Every line from the one with "Lotus Orgonite Pendant" to the final line of the records should be printed exactly as it is, with pictures left out.

Materials provided -
┏━━
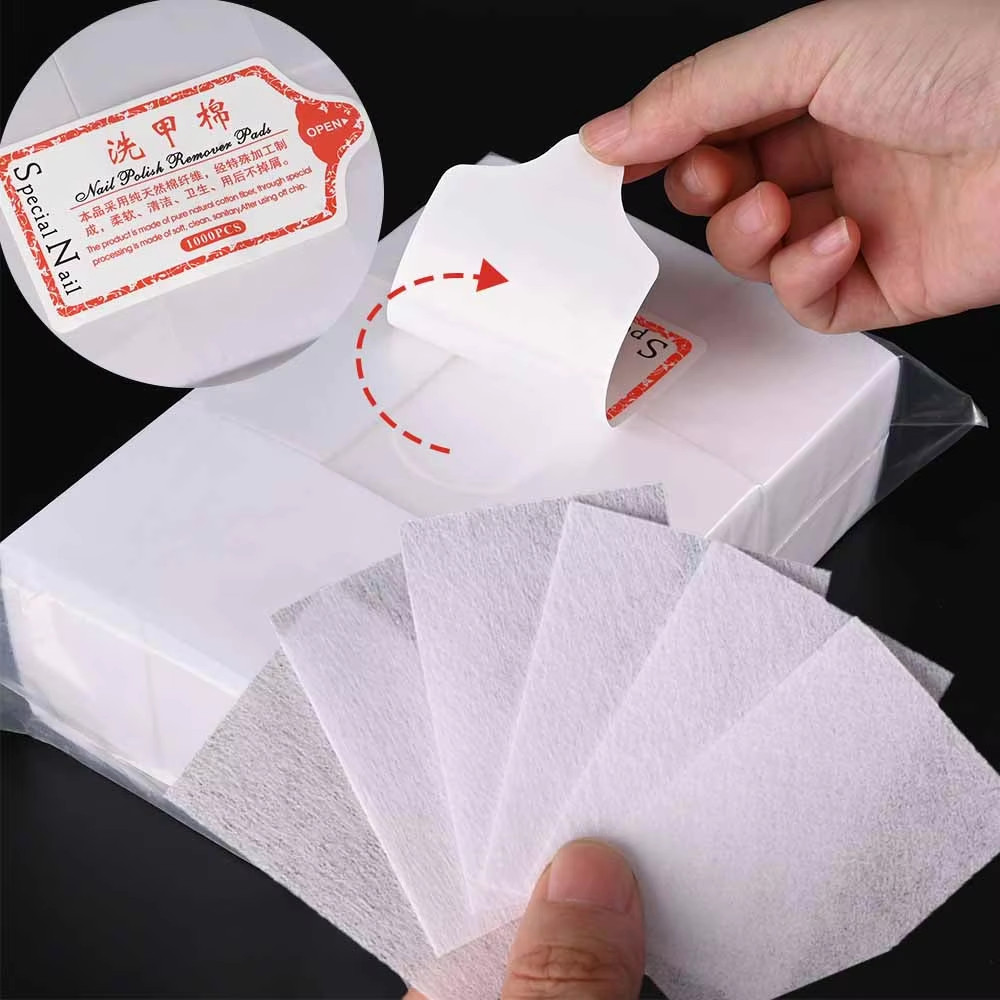 1000/600/500/100Pcs Lint-Free Nail Cotton for UV Gel Polish Removal Wipes Paper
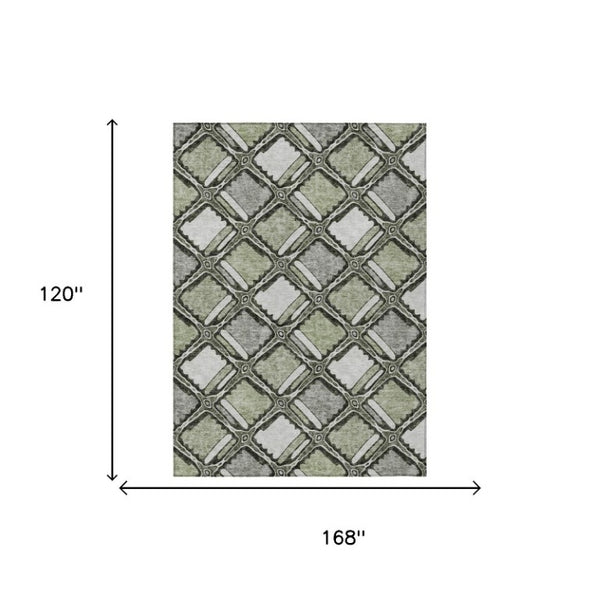 10 X 14 Sage Green Geometric Polyester Area Rug Washable for Indoor Outdoor Use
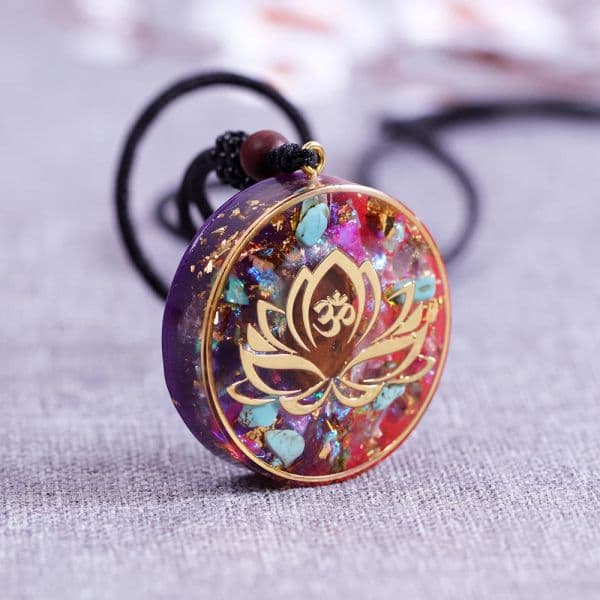Lotus Orgonite Pendant Orgone Generator Tiger'S Eye Turquoise Chakra Energy Necklace With Rope For Women (Pendant 1.4")
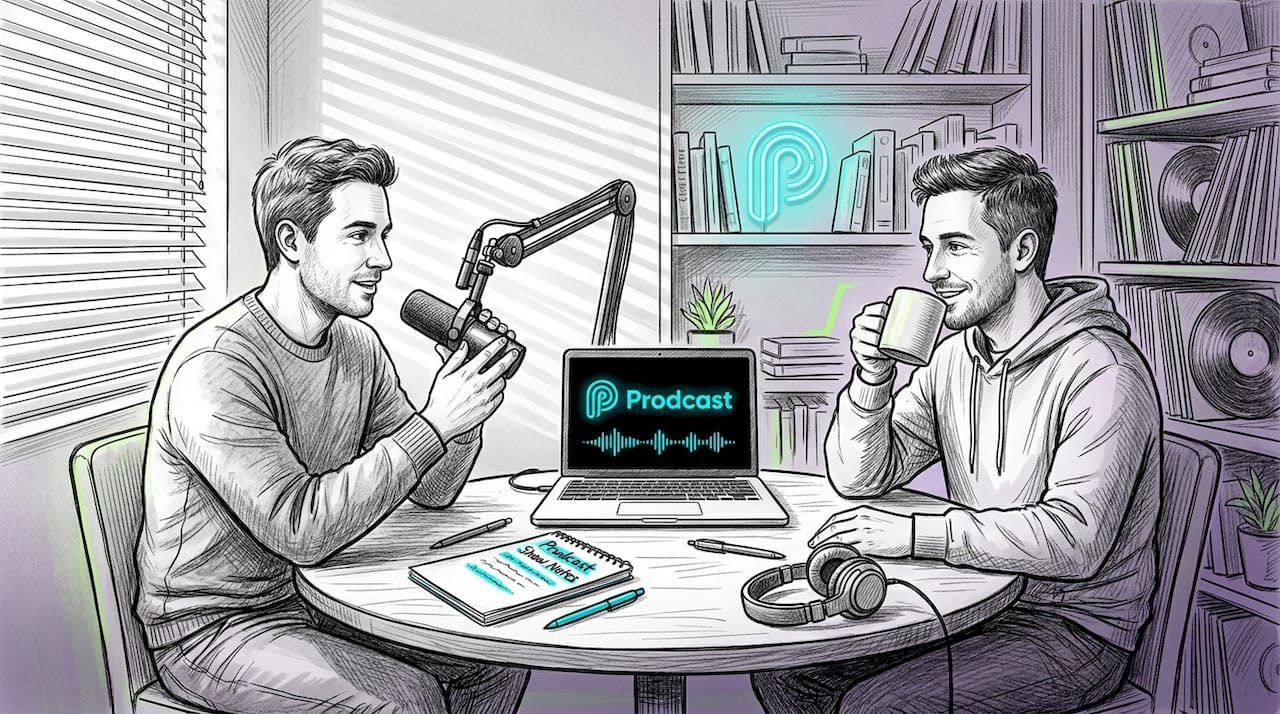Podcast hosts prepare for collaboration in studio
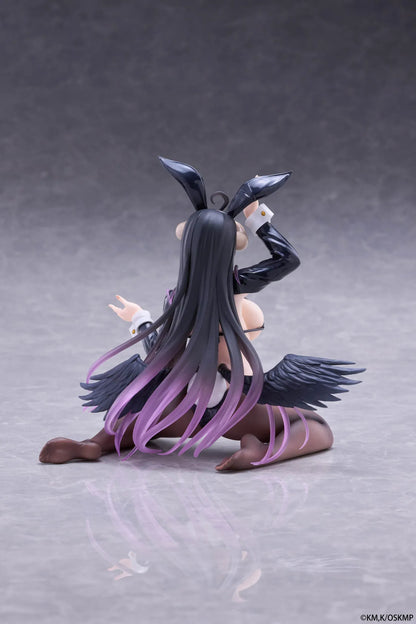 Albedo MOFLOCK Reverse Bunny Suit figure wearing a glossy black outfit with bunny ears, sheer stockings, horns, and black wings.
┗━━
Result of this task -
Lotus Orgonite Pendant Orgone Generator Tiger'S Eye Turquoise Chakra Energy Necklace With Rope For Women (Pendant 1.4")
Podcast hosts prepare for collaboration in studio
 Albedo MOFLOCK Reverse Bunny Suit figure wearing a glossy black outfit with bunny ears, sheer stockings, horns, and black wings.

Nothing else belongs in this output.